From school you know functions of the form $y = f(x)$ and in particular linear functions $y = mx + b$. Both $x \in \mathbb{R}$ and $y \in \mathbb{R}$ are variables, whereas $m$ and $b$ are parameters. In our first task, we study how to *learn* a dataset with a linear machine learning (ML) model.

## 1.1 Load and Visualize the Dataset
Let's load and plot our dataset first!

In [None]:
# Load the dataset
X, y = lr.load_data()
print(X, y)

# Plot the dataset
lr.scatter_data(X, y)

Our dataset is a list of $N=200$ data points $(x^{(i)}, y^{(i)})$ with $i=1,2,\dots,N$. The dataset seems to be somewhat **linear but noisy**. We can express our belief with the following formula:
$$ y^{(i)} = f(x^{(i)}) + \varepsilon = m x^{(i)} + b + \varepsilon,$$
with $\varepsilon$ as random noise and $(m, b)$ as unknown parameters.

### Q1.1
1. How large is the dataset?
2. What is $x^{(i)}$? What is $y^{(i)}$?
3. How many features does each data point have? 

## 1.2 Fitting Parameters Manually
We think our data can be **approximated** with a linear function, but the problem is we do not know the parameters $m$ and $b$.
Let's begin with a simple approach: we use a **linear model** $\hat{f}$ of the form
$$ \hat{y}^{(i)} = \hat{f}(x^{(i)}) = \theta_0 + \theta_1 x^{(i)}$$
and just guess the model parameters $\theta = (\theta_0, \theta_1)$.
The variable $\hat{y}^{(i)}$ is called the **estimated outcome**.
We want it to be close to the **actual outcome** $y^{(i)}$.

In [None]:
# Choose your model parameters
theta_0 = 
theta_1 = 

# The linear regression model
def linear_regression_model(x):
    return theta_0 +  theta_1 * x

# Plot the dataset and your model fit
lr.plot_prediction(X, y, linear_regression_model)

### Q1.2
1. What are the parameters of our model?
2. What is $\hat{y}^{(i)}$?
3. Can our dataset be modeled with a linear function $f(x)$ **exactly**? What would that mean in terms of $\hat{y}^{(i)}$ and $y^{(i)}$?
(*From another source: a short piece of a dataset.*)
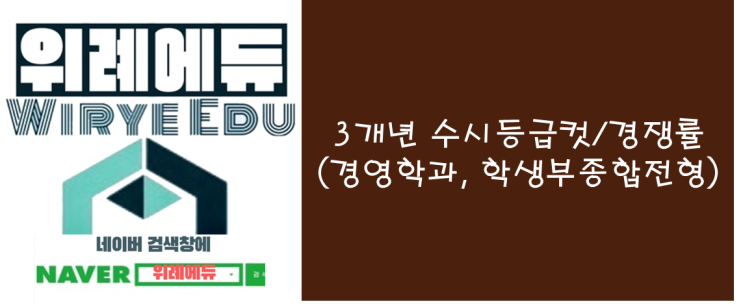  수시 3개년 경쟁률/입결 : 학생부종합전형, 경영학과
## 1.3 How Good is our Fit?
We found some model parameters using the great **trial and error** problem-solving method by fitting the model to our data **visually**. However, instead of relying on our eyes, let's try to **measure** how well our model fits our data. In ML we use **error metrics** to quantify prediction performance of a model. The prediction error is given by
$$e^{(i)} = y^{(i)} - \hat{y}^{(i)}.$$
Let's plot our prediction error for a few data points!

In [None]:
lr.plot_prediction_error(X, y, linear_regression_model)

Our error metric is based on the prediction error.
It is called **Mean Absolute Error (MAE)**:
$$ \text{MAE}(y, \hat{y}) = \frac{1}{N} \sum_{i=1}^{N} |e^{(i)}| = \frac{1}{N} \sum_{i=1}^{N} |y^{(i)} - \hat{y}^{(i)}|$$

In [None]:
# Let's predict with our own model
y_pred = linear_regression_model(X)
mae_own = sklearn.metrics.mean_absolute_error(y, y_pred)
print(f"Our MAE is {mae_own}")

## 1.4 Automatically Fitting Parameters with ML
To predict linear functions we can use a ML model called Linear Regression (LR).
Let's see which parameters $\theta$ are found by the LR model and the MAE it achieves on our dataset.

In [None]:
# Fit a linear regression (LR) model
reg = sklearn.linear_model.LinearRegression()
reg.fit(X, y)

# Print the learned parameters
print(f"The learned parameters are theta={[reg.intercept_, *reg.coef_]}")
y_pred = reg.predict(X)
lr.plot_prediction(X, y, reg)

# Print the MAE of the LR model
mae_lr = sklearn.metrics.mean_absolute_error(y, y_pred)
print(f"The MAE of the LR model is {mae_lr}")

### Q1.4
1. Explain what the MAE measures.
2. What do we *learn* when we train our model?
3. Is your model similar to the LR model?